THE GROWTH OF THE NORTHERN YAVAPAI PROVINCE: THE CASE FOR A RETREATING ACCRETIONARY OROGEN

Rocks of the northernmost Yavapai province, traditionally assigned to the Green Mountain arc, include two temporally and compositionally distinct, bimodal, igneous suites. Gabbroic rocks of the older (~1780-Ma) suite have the geochemical characteristics of arc magmas, consistent with previous interpretations of the coeval Green Mountain Formation volcanic rocks. Felsic intrusive rocks of this suite are mostly granodioritic and have geochemical characteristics of island-arc granitic rocks. Gabbroic rocks of the younger (~1763-Ma) bimodal suite are rich in Fe and incompatible trace-elements compared to the older gabbroic rocks and exhibit both arc-like and MORB/WPB-like geochemical characteristics. The felsic rocks of this suite (including the Sierra Madre Granite) have the geochemical signatures of within-plate granites. Both intrusive suites were deformed by a major shortening event at ~1750 Ma, which juxtaposed them against the Archean Wyoming province along the Cheyenne belt. The 1780-Ma bimodal suite is interpreted as reflecting island-arc magmatism, whereas the younger suite is interpreted as having an extensional origin, possibly reflecting the rifting of the 1780-Ma arc to form a back-arc basin. The 1750-Ma shortening event has no obvious proximal cause and is interpreted to reflect far-field effects of tectonic activity to the south (present coordinates).

Correlating geologic events from the Cheyenne belt region and central Colorado shows that the ~1763-Ma extensional event is coeval with both Dubois magmatism and extensive fine-grained sedimentation in north-central Colorado, possibly reflecting slab rollback and the formation of a back-arc basin related to a Dubois arc. The ~1750-Ma contractional event coincides with the end of Dubois magmatism suggesting a genetic link such as slab shallowing. The end of contraction corresponds to the onset of Cochetopa magmatism.
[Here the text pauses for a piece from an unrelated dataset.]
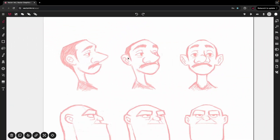Hello everyone and welcome to another Vectorink tutorial. In this video I want to demonstrate how you can use the pen tool and the path builder tool together to trace any image you want with ease.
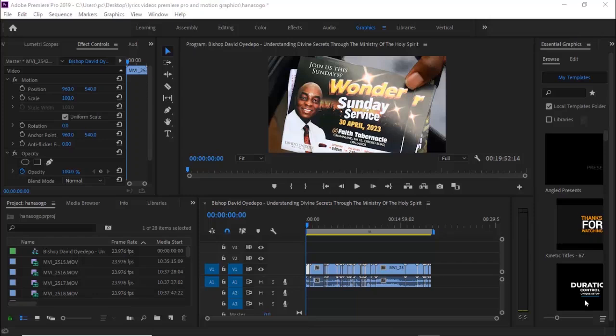Hello guys and welcome to another Premiere Pro tutorial. In this tutorial, I'm going to show you how to locate a file's destination in Premiere Pro or in your Windows Explorer.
It is suggested that the northern Yavapai province formed as a result of cycles of convergence and extension within an environment of continuous subduction. Key implications of this hypothesis are that: (1) exposed “arcs” may be rifted fragments, not individual arcs; (2) extensional magmatism played a volumetrically major role in crustal growth; and (3) arc-arc collisional sutures may not exist within the province.